The Story
Why it exists.
The beginning
Anne McClain named Hunter after a childhood friend, someone she built maple sugar cabins with in Vermont. The name is literal. The memory is specific. A particular stretch of cold nights, green forest, shared work, and the particular warmth of being known by someone. She translated that feeling into a bottle: Balsam Fir, Tobacco Absolute, Bourbon Vanilla. Not as a concept. As a place she actually lived in.

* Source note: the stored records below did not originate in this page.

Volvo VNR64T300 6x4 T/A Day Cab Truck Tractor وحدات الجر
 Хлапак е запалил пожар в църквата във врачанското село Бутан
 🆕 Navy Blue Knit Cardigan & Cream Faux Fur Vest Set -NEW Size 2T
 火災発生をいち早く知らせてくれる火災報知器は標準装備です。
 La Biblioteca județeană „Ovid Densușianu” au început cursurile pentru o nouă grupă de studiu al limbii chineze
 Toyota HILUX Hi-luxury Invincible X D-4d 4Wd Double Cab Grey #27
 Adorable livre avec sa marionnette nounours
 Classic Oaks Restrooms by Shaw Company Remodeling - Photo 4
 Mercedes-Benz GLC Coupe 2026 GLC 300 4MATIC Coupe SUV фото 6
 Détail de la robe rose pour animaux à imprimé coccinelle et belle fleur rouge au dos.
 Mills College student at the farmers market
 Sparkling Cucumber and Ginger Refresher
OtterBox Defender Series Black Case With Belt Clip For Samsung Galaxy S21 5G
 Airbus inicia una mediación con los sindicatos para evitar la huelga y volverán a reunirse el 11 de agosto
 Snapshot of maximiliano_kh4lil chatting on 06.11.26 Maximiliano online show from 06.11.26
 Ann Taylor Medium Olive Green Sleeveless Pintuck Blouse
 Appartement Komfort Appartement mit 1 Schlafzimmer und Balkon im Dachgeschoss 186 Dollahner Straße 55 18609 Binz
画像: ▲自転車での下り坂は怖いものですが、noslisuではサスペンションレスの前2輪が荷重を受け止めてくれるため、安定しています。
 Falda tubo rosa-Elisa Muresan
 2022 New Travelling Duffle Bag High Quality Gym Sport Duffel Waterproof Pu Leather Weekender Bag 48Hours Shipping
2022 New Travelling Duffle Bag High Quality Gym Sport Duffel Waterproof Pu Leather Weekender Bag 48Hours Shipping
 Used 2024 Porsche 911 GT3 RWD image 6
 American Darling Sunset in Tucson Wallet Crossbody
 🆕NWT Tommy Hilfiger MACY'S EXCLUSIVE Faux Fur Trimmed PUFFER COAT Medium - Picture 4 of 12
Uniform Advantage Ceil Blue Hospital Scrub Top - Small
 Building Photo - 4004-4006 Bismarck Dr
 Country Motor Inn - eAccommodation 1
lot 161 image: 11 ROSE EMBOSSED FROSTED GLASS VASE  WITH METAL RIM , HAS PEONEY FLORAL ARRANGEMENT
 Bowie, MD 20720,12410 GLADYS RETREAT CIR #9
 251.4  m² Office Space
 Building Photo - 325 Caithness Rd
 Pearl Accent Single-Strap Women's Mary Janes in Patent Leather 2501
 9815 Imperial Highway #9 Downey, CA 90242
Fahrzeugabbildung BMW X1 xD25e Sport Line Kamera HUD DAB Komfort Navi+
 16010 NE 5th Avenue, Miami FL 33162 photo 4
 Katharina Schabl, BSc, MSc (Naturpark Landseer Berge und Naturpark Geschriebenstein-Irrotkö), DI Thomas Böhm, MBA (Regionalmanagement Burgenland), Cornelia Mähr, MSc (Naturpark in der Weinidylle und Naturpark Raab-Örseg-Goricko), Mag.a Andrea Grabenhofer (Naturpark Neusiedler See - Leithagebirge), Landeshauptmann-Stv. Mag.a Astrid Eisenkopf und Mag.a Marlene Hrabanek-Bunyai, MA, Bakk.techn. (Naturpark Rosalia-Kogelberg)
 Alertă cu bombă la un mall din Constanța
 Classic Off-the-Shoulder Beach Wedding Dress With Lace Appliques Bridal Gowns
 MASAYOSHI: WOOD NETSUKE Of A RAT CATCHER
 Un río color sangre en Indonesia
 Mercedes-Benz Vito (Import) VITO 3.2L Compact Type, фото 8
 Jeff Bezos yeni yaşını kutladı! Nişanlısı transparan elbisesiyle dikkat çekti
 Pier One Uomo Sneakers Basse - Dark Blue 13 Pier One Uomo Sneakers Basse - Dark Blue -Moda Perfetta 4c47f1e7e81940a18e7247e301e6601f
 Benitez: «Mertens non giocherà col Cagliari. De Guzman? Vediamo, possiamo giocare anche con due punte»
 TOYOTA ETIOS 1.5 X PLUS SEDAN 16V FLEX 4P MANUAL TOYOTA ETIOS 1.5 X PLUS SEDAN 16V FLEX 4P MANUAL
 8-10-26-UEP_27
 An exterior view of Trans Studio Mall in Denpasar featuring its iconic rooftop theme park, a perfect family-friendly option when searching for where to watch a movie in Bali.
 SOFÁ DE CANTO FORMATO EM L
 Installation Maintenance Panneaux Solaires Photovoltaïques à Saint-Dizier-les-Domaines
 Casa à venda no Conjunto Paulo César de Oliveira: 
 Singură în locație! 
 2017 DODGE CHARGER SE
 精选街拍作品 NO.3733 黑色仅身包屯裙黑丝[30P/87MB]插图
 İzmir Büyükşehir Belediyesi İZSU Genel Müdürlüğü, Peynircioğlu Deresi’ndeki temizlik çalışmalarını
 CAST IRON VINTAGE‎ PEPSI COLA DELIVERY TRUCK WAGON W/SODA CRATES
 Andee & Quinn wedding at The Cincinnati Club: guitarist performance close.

What makes Hunter unusual is the structure. Most vanilla fragrances lean soft. Most conifer fragrances lean sharp. Hunter does neither, it holds the two notes in tension, letting the Balsam Fir open green and alive while the Bourbon Vanilla lingers underneath like heat rising from wood. The Tobacco Absolute isn't smokey in the typical sense. It's aromatic, dark, and grounding, the thing that keeps the fir from being too bright and the vanilla from being too sweet. Three ingredients. Nothing decorative. The brand's natural perfumery background shows: this doesn't smell assembled. It smells grown.
The evolution
The opening hits green and bright, Balsam Fir arriving like cold air off a forest. It cuts. It stings slightly. Then the tobacco arrives, maybe 20 minutes in, pushing the fir toward something warmer, darker, more aromatic. Not smokey. Herbaceous. The vanilla doesn't announce itself so much as settle, it was there the whole time, underneath, gradually taking over as the fir recedes and the tobacco softens. By hour three, it's vanilla and tobacco close to the skin, intimate and warm. The longevity is genuinely good, 8 to 10 hours on most skin, more than enough for a full day and into the night.
Cultural impact
Hunter earned a loyal following in the indie fragrance community for its honest, understated character, the kind of scent that earns its reputation through wear rather than marketing. The 2009 launch places it squarely in the era when indie perfumery began building its audience outside mainstream channels. It remains in production.